Still enjoyed using it elswhere.
i work at a lot of festivals in the summer and me bus makes this so much easier and more comfortable.
I lived in Bristol and know the south west pretty well so will be happy to try to answer any questions relating to the area.
Gonna put some info on about vans in Bristol too, Like the whole of St Werburghs, Montpellier and Easton in Bristol has a high number of people living in camper vans on the side of the road, but some of these areas can be a bit dodgy to be hanging around.


----------



## Deleted member 775 (Aug 29, 2008)

hi and welcome this is the best site around full of helpful folks you will enjoy it i am shure


----------



## Trevor (Aug 29, 2008)

Hi Love Bus,
Welcome to the mad house mate, which festys do you do, I like the festy scene.


----------



## Deleted member 2636 (Aug 29, 2008)

Love Bus said:


> Great to to see so much help and knowledge for a new user of camper van life.
> Just got an VW LT35 ambulance and im in the middle of finishing the conversion now.
> I lived in Bristol and know the south west pretty well so will be happy to try to answer any questions relating to the area.
> Gonna put some info on about vans in Bristol too, Like the whole of St Werburghs, Montpellier and *Easton in Bristol *has a high number of people living in camper vans on the side of the road, but some of these areas can be a bit dodgy to be hanging around.

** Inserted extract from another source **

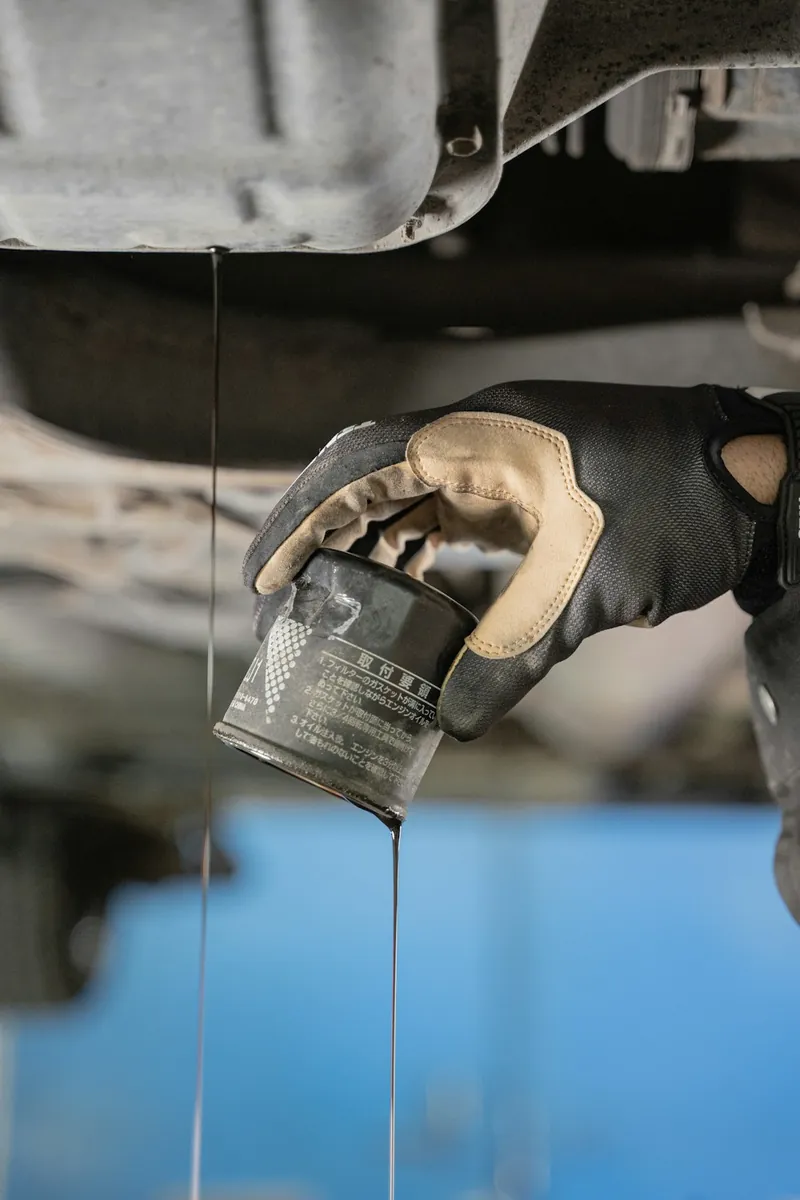 A gloved hand pouring fresh oil into an engine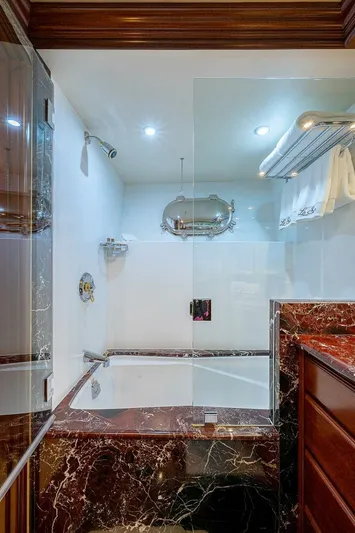 La Sirena Yacht Photos Pics Luxurious bathroom with marble accents in a 2000 Christensen 141 Raised Pilothouse yacht.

*My bold* I have seen many understatements on this Forum but that one takes the cake 
Wait until Nomad sees this ROTFALMBO
btw - super van: Is it the old box shape or the new thingy?


----------



## Hazy-thoughts (Aug 29, 2008)

Welcome aboard Love bus, me and my missus love festivals too, though  we wont get to many this year 


There is always next year


----------



## tony (Jun 7, 2009)

Love Bus said:


> Great to to see so much help and knowledge for a new user of camper van life.
> Just got an VW LT35 ambulance and im in the middle of finishing the conversion now. did i bit of van with a matteress traveling around Ireland a few years ago, but found Ireland difficult.
> Still enjoyed using it elswhere.
> i work at a lot of festivals in the summer and me bus makes this so much easier and more comfortable.
> ...



i wonder what part of ireland were you in , where did you try & camp ?
we find no trouble so long as we behave & keep (talk) in with the locals
tony


----------